Anchor boxes are typically chosen by running k-means clustering on the training dataset's ground truth bounding box dimensions. For YOLOv5 and YOLOv8, anchors are automatically computed during training based on the data's bounding box shapes. The number of anchors per grid cell is usually 3 or 5.
During inference, each predicted bounding box is the anchor box scaled by the model's output. The final box is represented as (center_x, center_y, width, height) relative to the grid cell.
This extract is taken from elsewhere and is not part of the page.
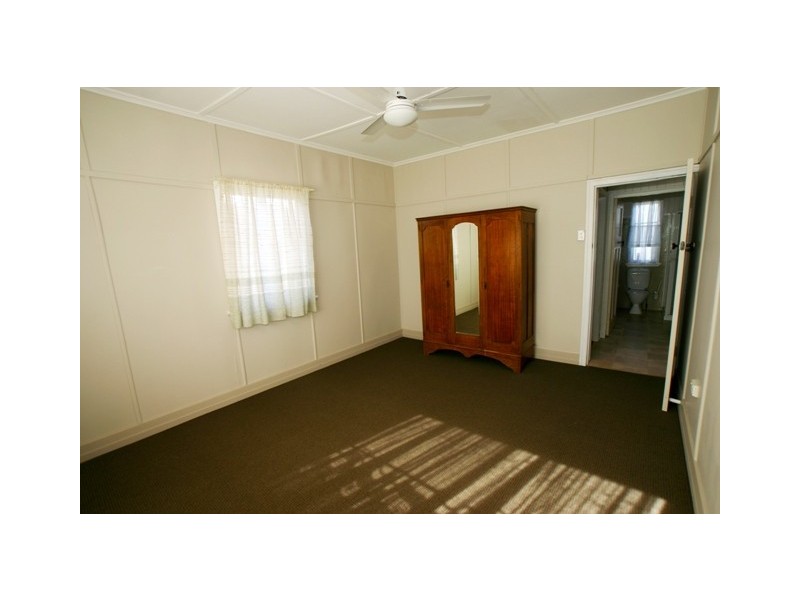 30 Nott Street, Norville QLD 4670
Loss Function: What YOLO Actually Minimizes
YOLO's loss function is a multi-part objective that balances localization, confidence, and classification. The original YOLO paper used sum-squared error, but modern versions (YOLOv3+) use a combination of: - Localization loss: measures the error in bounding box coordinates. Typically CloU or GIoU loss that captures overlap, distance, and aspect ratio. - Confidence loss: binary cross-entropy (BCE) for whether an object exists in the box. Positive samples are predicted boxes that match a ground truth (highest IoU), negative samples are those with low IoU. - Classification loss: BCE for each class (multi-label) — the model can predict multiple classes per box?
The loss is weighted to prioritize localization and classification over confidence. Modern YOLO implementations assign one positive anchor per ground truth (based on IoU threshold) and ignore anchors with intermediate IoU to reduce noise.
Class imbalance is handled using focal loss-like weighting: the confidence loss down-weights easy negatives.
- Box loss punishes misaligned boxes — it's the most weighted part of the loss.
- Confidence loss asks: 'Are you sure an object is here?' — easy negatives are down-weighted.
- Classification loss treats each class independently (multi-label) because a cell can only predict one class per box.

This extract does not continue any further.